例規で日常用語と異なる意味で用いる場合には、定義規定を置かなければならないのだが、例規に定義規定が置かれていなかったり、定義規定が置かれていても、別表に機関名を列挙しているだけのものも多く、部外者が一読しても意味を把握しにくいものが多い。
定義規定を置いている県庁の中で、比較的その意味を明らかにしようと努力しているのは、徳島県だ。
cf.1徳島県会計規則 (昭和三十九年四月一日 徳島県規則第二十三号)
(定義)
第二条 この規則において、次の各号に掲げる用語の意義は、それぞれ当該各号に定めるところによる。
一 歳入徴収権者 知事又はその委任を受けて、歳入を調定し、納入義務者に納入の通知及び会計管理者、廨かい出納員又は税務出納員(以下「出納機関」という。)に収入の通知を行う権限を有する者をいう。
二 支出負担行為権者 知事又はその委任を受けて支出負担行為をする権限を有する者をいう。
三 支出命令権者 知事又はその委任を受けて、歳出の支出を決定し、出納機関に支出命令をする権限を有する者をいう。
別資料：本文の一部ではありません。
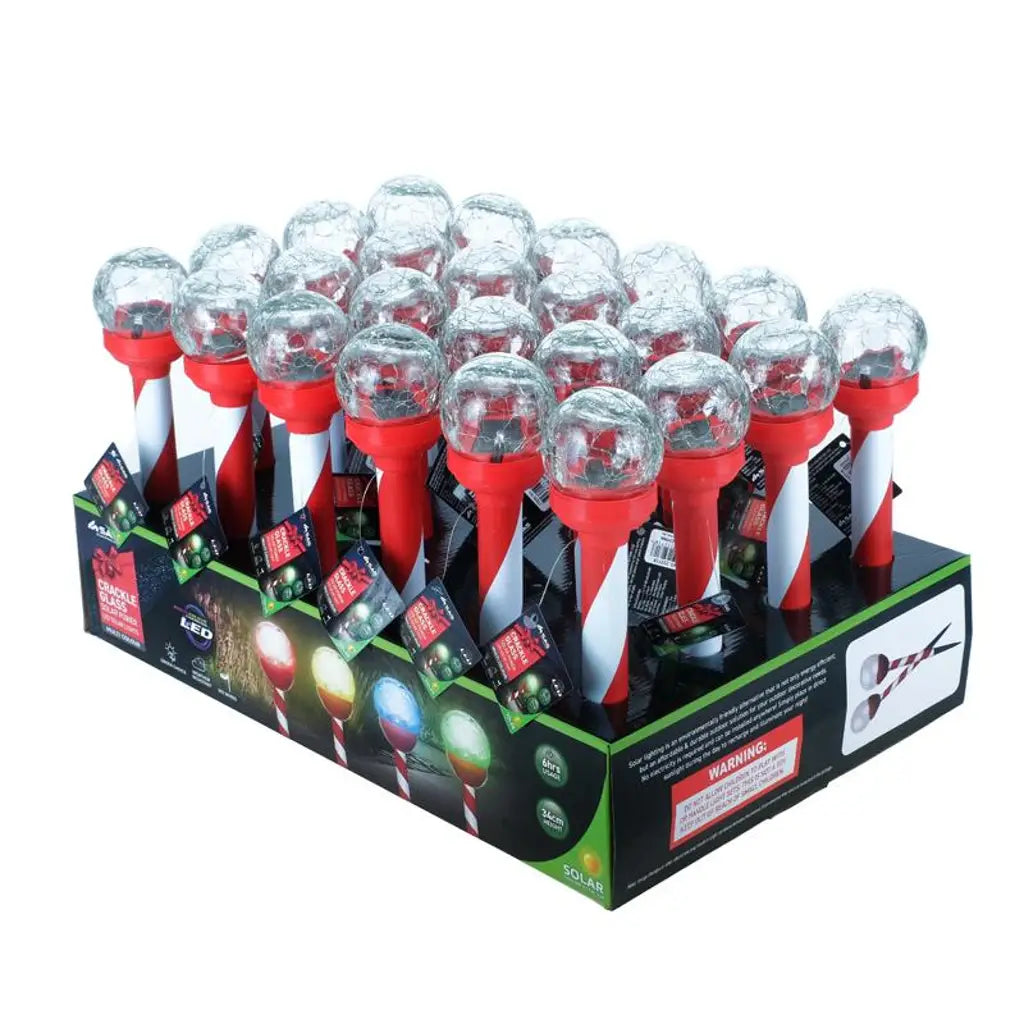 SAS Stake Light Solar Candy Cane Crackle Ball 1LED Multi Colour 7x5.5x34cm 252718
四 物品管理権者 知事又はその委任を受けて、物品を管理し、物品出納員に物品の出納保管の通知を行う権限を有する者をいう。
四の二 債権管理権者 知事又はその委任を受けて債権を管理する権限を有する者をいう。
五 廨かい 一号廨かい及び二号廨かいをいう。
六 一号廨かい 歳入を徴収し、歳出予算の令達を受けてこれを執行し、その所管に属する物品を管理するとともに、当該廨かい及びその所管する二号廨かいの会計事務を行う徳島県総合県民局(以下「総合県民局」という。)及び本部で、別表第一に掲げるものをいう。
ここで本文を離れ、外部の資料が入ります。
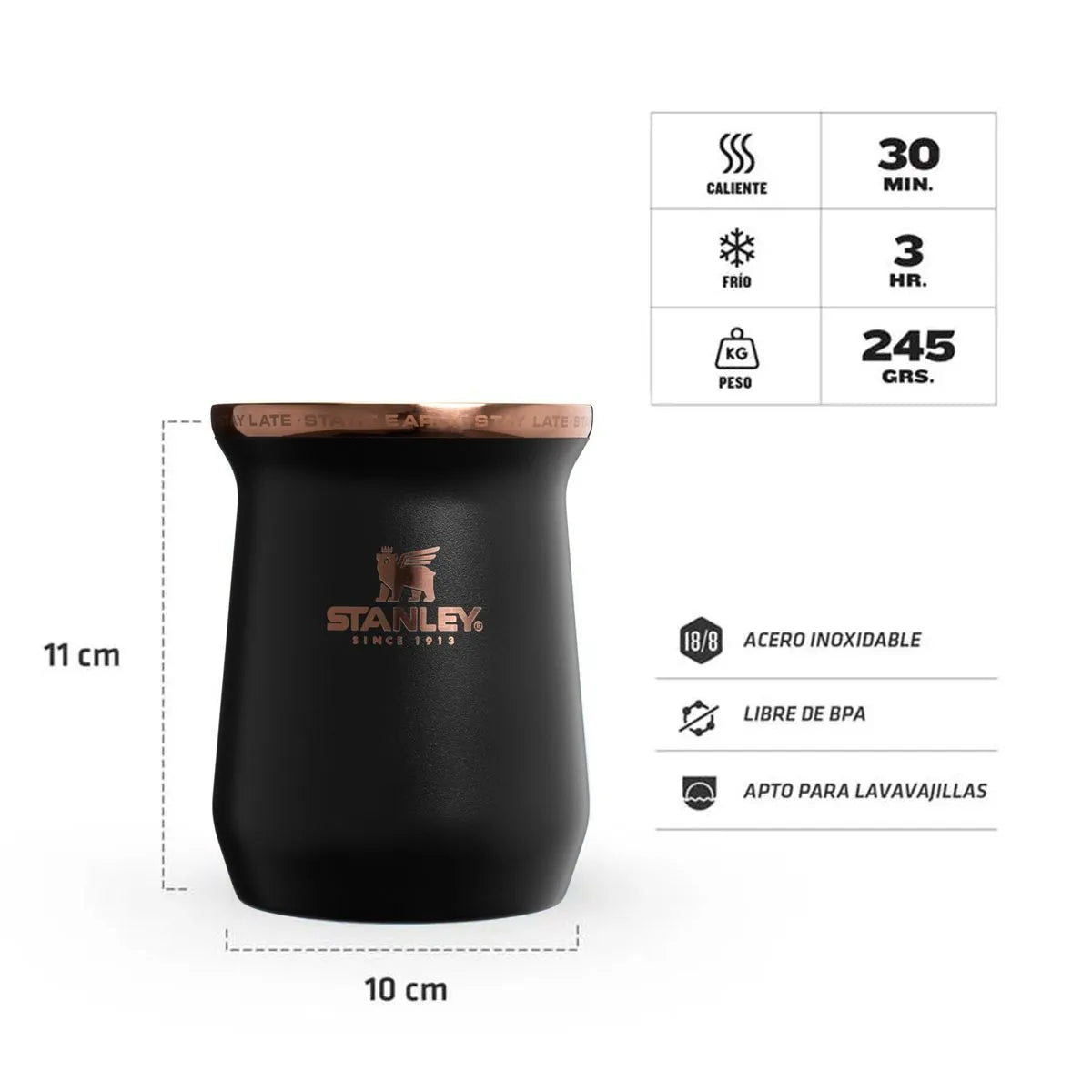Official Stanley Messi Mate The GOAT – Black Edition – Stainless Steel 236 ml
七 二号廨かい 歳入を徴収し、歳出予算の令達を受けてこれを執行し、その所管に属する物品を管理する徳島県東部県税局、徳島県東部保健福祉局、徳島県東部農林水産局及び徳島県東部県土整備局(以下「東部各局」という。)、センター等(徳島県行政組織規則(昭和四十二年徳島県規則第十五号)第四条第三号に規定するセンター等をいう。)、徳島県教育委員会の所管に属する教育機関並びに警察署で、別表第二に掲げるものをいう。
(以下、省略:久保)
『新自治用語辞典』(ぎょうせい)43頁によると、 廨は、「通常、地方公共団体の出先機関のうち、当該団体の財務規則等に基づき出納その他の会計事務をつかさどることのできる機関として指定されたものをいう。」とされている。
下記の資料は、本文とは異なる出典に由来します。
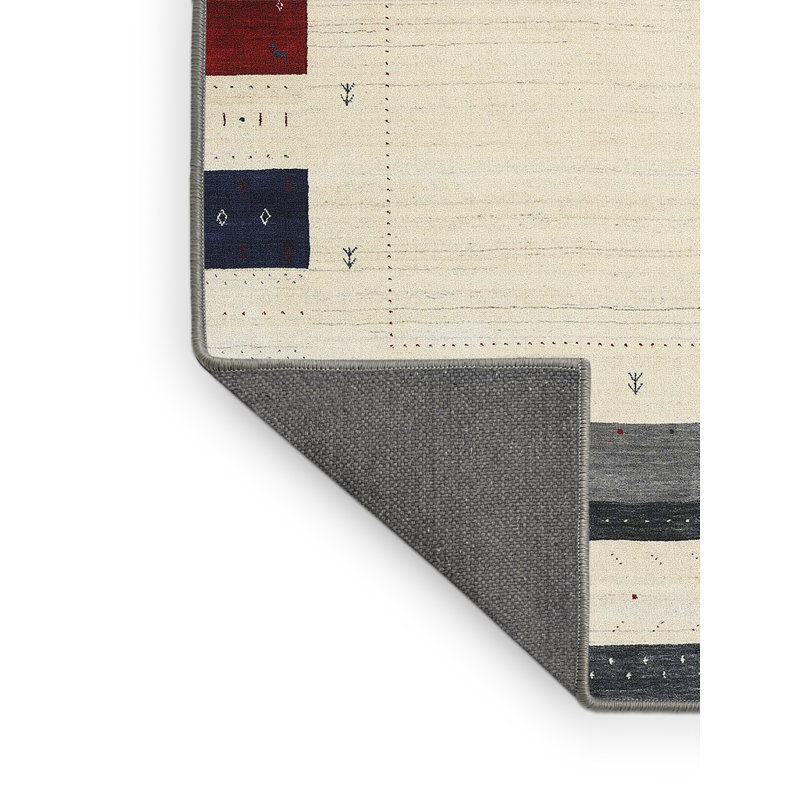 Tapis contemporain gris / beige, Rectangle 5 pi x 8 pi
要するに、会計事務を自ら執り行う出先機関を「廨」というわけだ。その出先機関の長を「廨長(カイチョウ)」と呼ぶことが多い。
ただし、東京弁護士会自治体等法務研究部の「自治体法務Q&A」は、もっと狭く「地方公共団体の出先機関で出納事務を扱うものを指す」と述べている。
私としては、同じ「カイ」でも、「隗(カイ)より始めよ」(中国の戦国時代、郭隗(かく かい)が燕(えん)の昭王に賢者の求め方を問われて、賢者を招きたければ、まず凡庸な私(隗)を重く用いよ、さすれば自分よりすぐれた人物が自然に集まってくる、と答えたことから転じて、大事をなすには手近なことから始めよ、さらに転じて、言い出した者から始めよという意味になった。)で、ぜひ職員研修講師に凡庸な私を招くことから始めて欲しいものだ。笑
<追記>
教え子から、なぜ会計事務を自ら執行する出先機関のことを「廨」と呼ぶのですか?という質問があった。
勉強不足ではっきりしたことは分からない。しかし、「公廨(クガイ)」(役所の建物のことで、転じて、公の物という意味になり、さらに転じて、役人の給与の意味になった。)という用語に関して、支那法制史がご専門で東大名誉教授の滋賀秀三氏が、下記のように述べていること(『奥村郁三「唐代公廨の法と制度」(法學雜誌九卷三號)』の書評)がヒントになるのではないか。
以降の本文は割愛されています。